In the late 1970s Chalkie Davies was a photographer at the New Musical Express, taking pictures of bands like Thin Lizzy, the Clash, the Sex Pistols and many more. Now, as his first major exhibition opens at the National Museum of Wales in Cardiff, and showing as part of BBC Music Day, he looks back on an extraordinary life, and old friends like Elvis Costello reflect on how Chalkie’s images are so enduring.
Chalkie Davies was born in Sully just outside Cardiff and his first job was as an engineer at Heathrow Airport. But he was always a keen amateur photographer and when he won a camera club competition in 1973 the door opened onto a career in rock ‘n’ roll.

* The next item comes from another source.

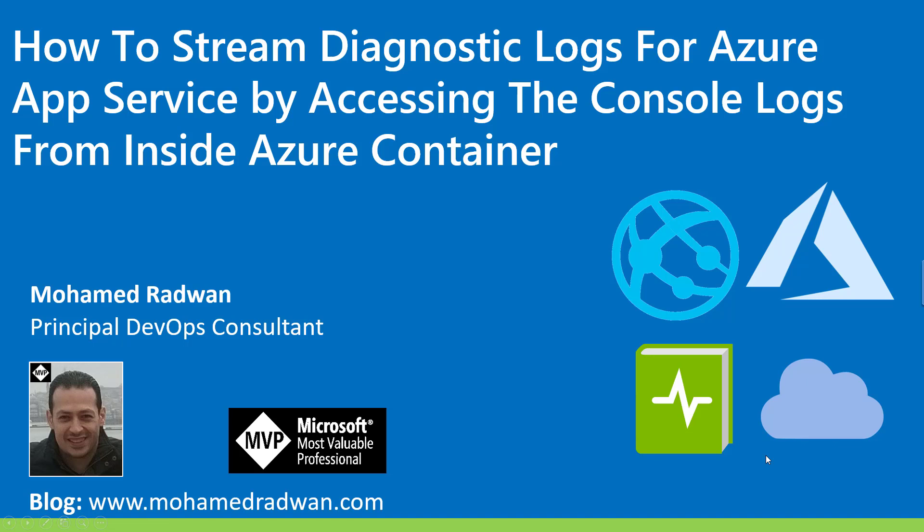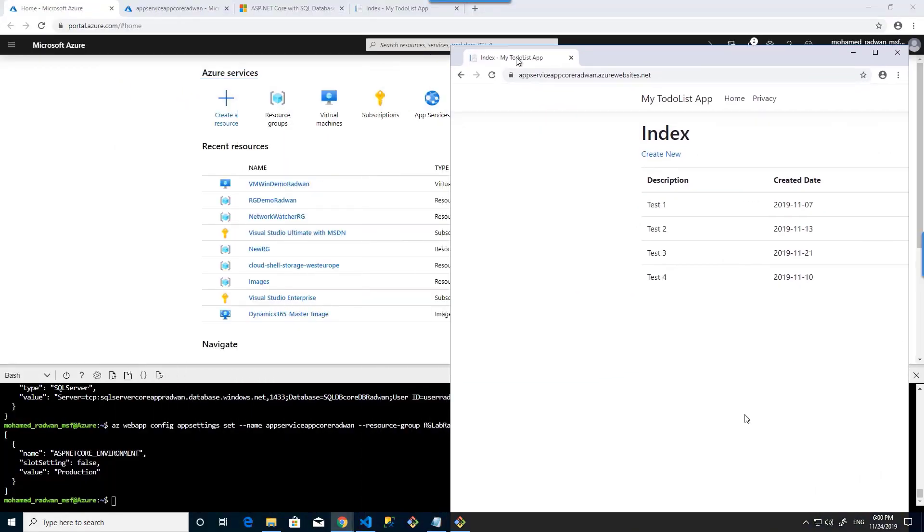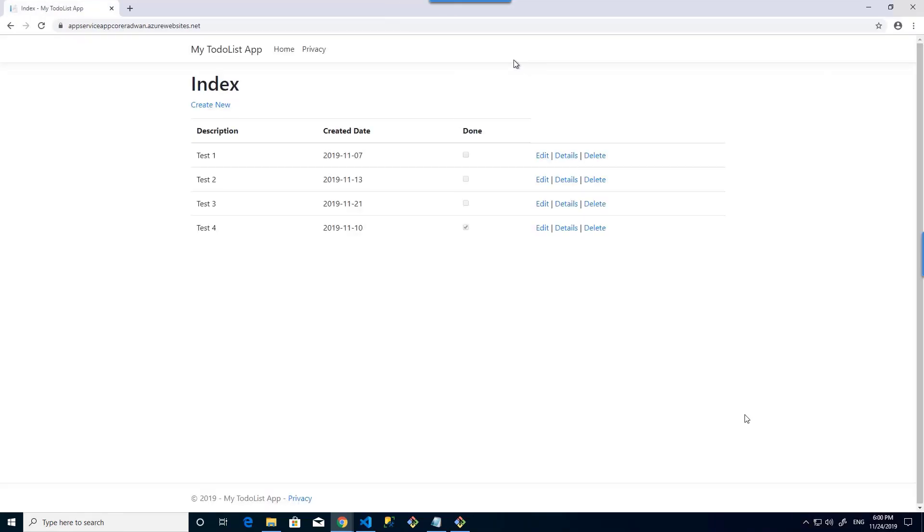Hello everyone, welcome to our video: How to Stream Diagnostics Logs from Azure App Service by Accessing the Console Logs from Inside Azure Container. As the application code already follows the guidance of ASP.NET Core logging in Azure, I can access the log generated from inside the container.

He was allowed in to take pictures on the last night of David Bowie’s legendary Ziggy Stardust tour and the results were so good he never looked back. Joining the New Musical Express in the mid-1970s, he was in the right place at the right time and became a favourite amongst the punk and new wave bands including the Clash, the Specials, Squeeze and Elvis Costello.
Chalkie’s pictures summed up the era and many are classics of rock and roll photography. But by the mid-1980s he’d become disenchanted with the music business, where image mattered more than music. The death of his close friend Phil Lynott, leader singer of Thin Lizzy, led Chalkie to quit rock music.
For 25 years Chalkie’s collection of rock images remained hidden away until an invitation from the National Museum of Wales led him to bring them out for a new generation. This documentary follows Chalkie as he prepares for the exhibition, revisits his childhood haunts and reflects on an extraordinary career.
There are contributions from many of the musicians he photographed including Elvis Costello, Chris Difford of Squeeze, songwriter Nick Lowe, the Specials mainman Jerry Dammers and punk poet John Cooper Clarke.